Everything from the line with "لأول مرة.. الآثار" to the end of the data below, both lines included, should be transcribed exactly; please omit the pictures.

> [AVAILABLE DATA]
━━━
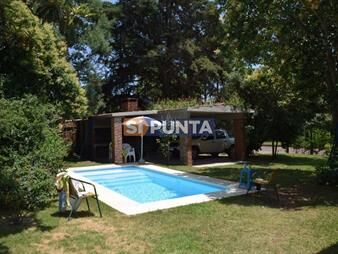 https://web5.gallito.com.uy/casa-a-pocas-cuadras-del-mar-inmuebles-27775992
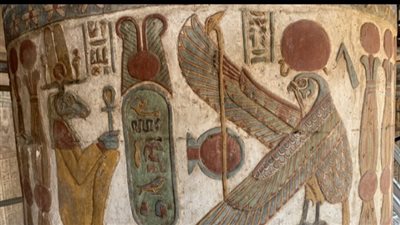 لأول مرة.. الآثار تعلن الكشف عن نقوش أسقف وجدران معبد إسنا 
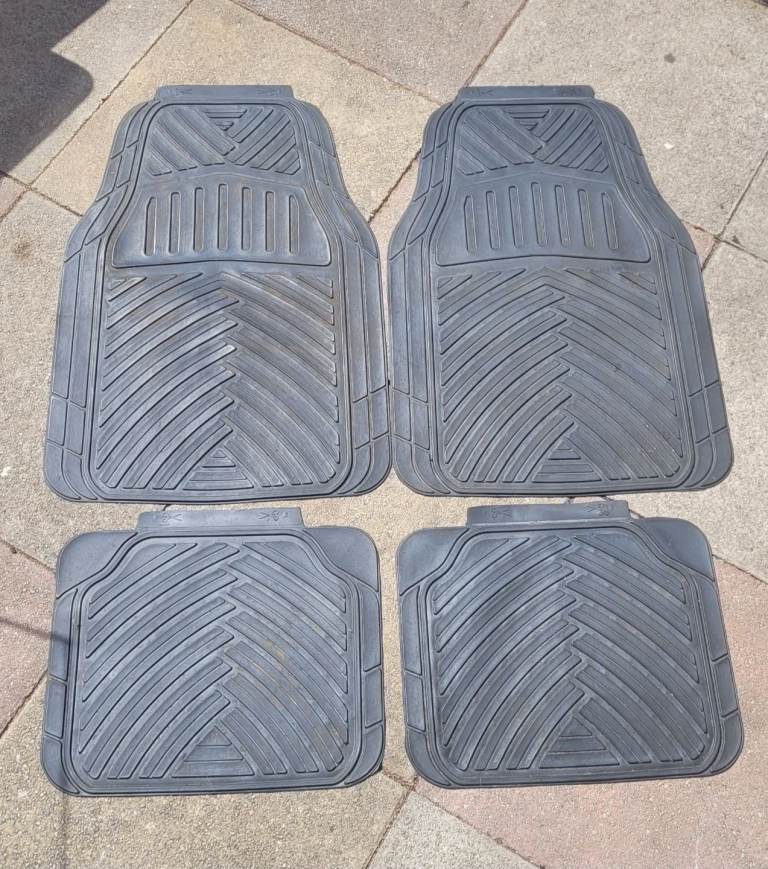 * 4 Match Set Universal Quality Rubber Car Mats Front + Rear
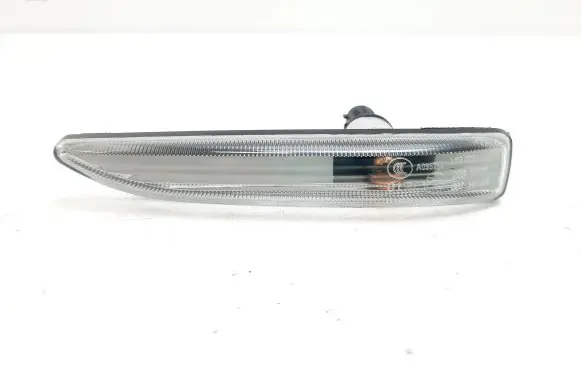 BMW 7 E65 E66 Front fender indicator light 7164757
━━━
> [TASK RESPONSE]
 لأول مرة.. الآثار تعلن الكشف عن نقوش أسقف وجدران معبد إسنا 
 * 4 Match Set Universal Quality Rubber Car Mats Front + Rear
 BMW 7 E65 E66 Front fender indicator light 7164757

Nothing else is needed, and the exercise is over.